## Material shown:
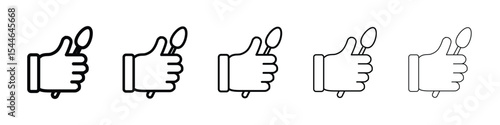 Good food icon filled flat sign concept for web design.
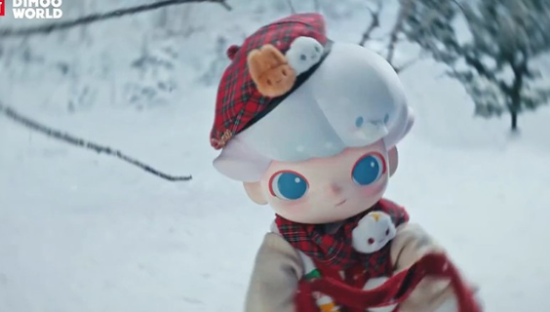 泡泡玛特圣诞广告，被暖到了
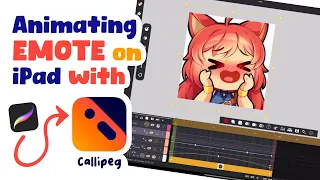 How to ANIMATE this BLUSH EMOTE on iPad Pro 🧡  CALLIPEG APP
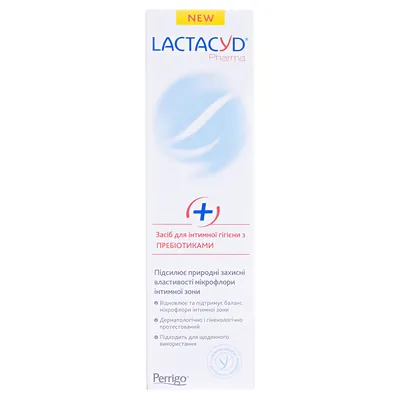 Засіб для інтимної гігієни Lactacyd Pharma з Пребіотиками, з дозатором, 250 мл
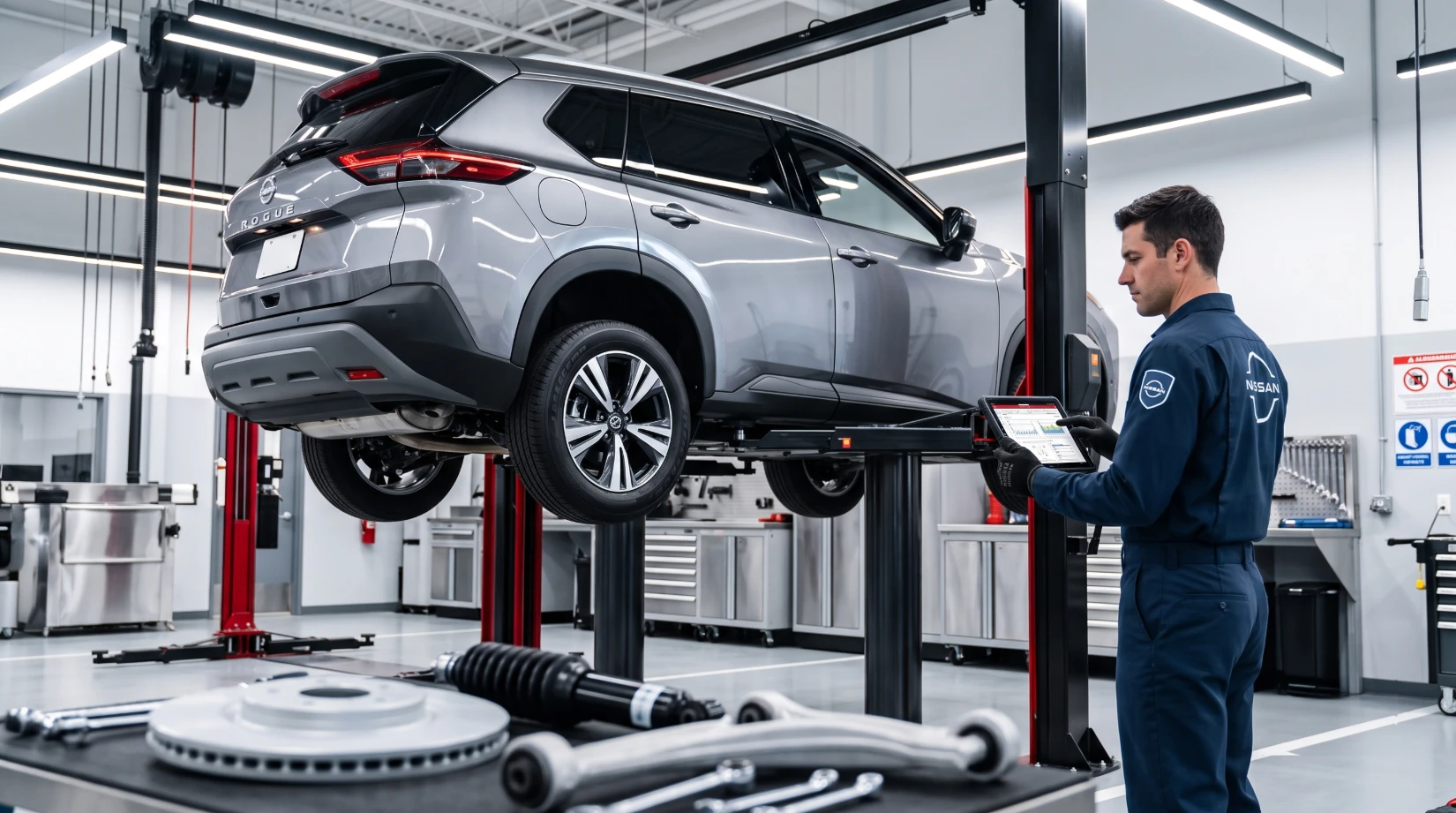 Обслуживание Nissan Rogue: какие запчасти стоит готовить к замене заранее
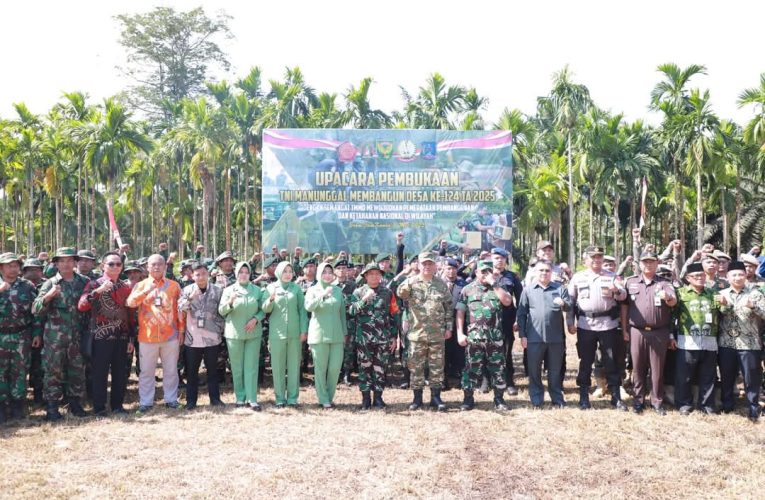 TMMD ke-124 Diresmikan, DPRD: Ini Langkah Konkret Bangun Daerah dari Pinggiran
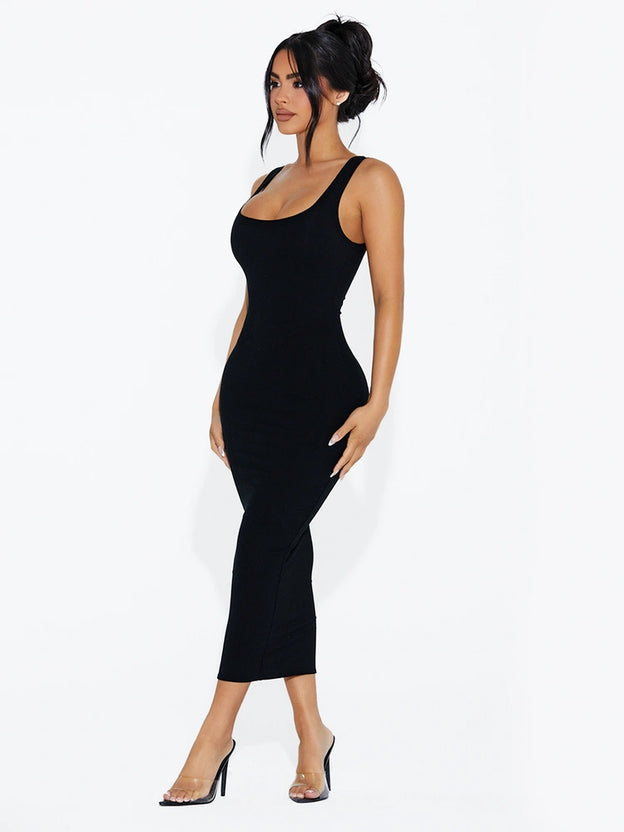 BABY SNATCHED TANK MIDI DRESS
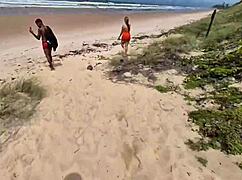 aventura na praia de nudismo vira orgia com joao o safado, lunna geek, brinquedo ator 2 e pitbull porn parte 1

## Aim of the exercise:
Restate word for word each line from the one containing "Обслуживание Nissan Rogue: какие" through the end of the material, pictures excluded.

## Answer:
 Обслуживание Nissan Rogue: какие запчасти стоит готовить к замене заранее
 TMMD ke-124 Diresmikan, DPRD: Ini Langkah Konkret Bangun Daerah dari Pinggiran
 BABY SNATCHED TANK MIDI DRESS
 aventura na praia de nudismo vira orgia com joao o safado, lunna geek, brinquedo ator 2 e pitbull porn parte 1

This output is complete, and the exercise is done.